Originally Posted by deacongirl
Originally Posted by Bostonian
Originally Posted by HowlerKarma
e) NON-competitive and collaborative environment-- this is critical because of DD's kneejerk reaction to that kind of environment-- she actively recoils and responds VERY negatively to people she perceives to be self-promotional, glory-chasing, insufferably arrogant gits. You know, to use the technical term.

I was a science major at Harvard. The environment was collaborative, with students discussing problem sets and not trying to show off in class (which would be pointless, since grades did not depend on class participation). But the element of competition, though latent, was there, and I think it's unavoidable. There aren't many tenure track professorships at research universities and staff positions at national labs. The world does not need many mediocre research scientists. Therefore only academic superstars should try to get PhDs. An advantage of going to a Harvard, MIT, Princeton, Stanford etc. is that you get to compare your abilities to those of the best students in the country. Finding out that you are only mediocre in that crowd is painful but can save you half a dozen years of your life trying to get a PhD unless you have blinders on. Ahem.

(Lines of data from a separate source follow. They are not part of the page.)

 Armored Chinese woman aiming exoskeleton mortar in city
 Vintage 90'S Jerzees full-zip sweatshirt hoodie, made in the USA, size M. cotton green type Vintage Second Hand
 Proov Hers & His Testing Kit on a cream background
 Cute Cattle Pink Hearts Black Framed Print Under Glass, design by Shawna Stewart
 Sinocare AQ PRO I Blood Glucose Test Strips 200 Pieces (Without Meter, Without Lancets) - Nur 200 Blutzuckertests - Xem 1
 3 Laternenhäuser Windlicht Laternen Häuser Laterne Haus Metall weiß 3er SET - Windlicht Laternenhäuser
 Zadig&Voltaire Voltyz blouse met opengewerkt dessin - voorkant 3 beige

You cannot be serious. I would like to put you in a room with my SIL who has her PhD in genetics and is teaching high school science (happily) now. She doesn't consider the years obtaining her PhD wasted because she isn't on tenure track at a major university.

If her goal was high school science then she wasted years of her life in underpaid servitude getting a PhD. Yes, we need more academic superstars teaching high school, but they are wasting their time getting a PhD to do it.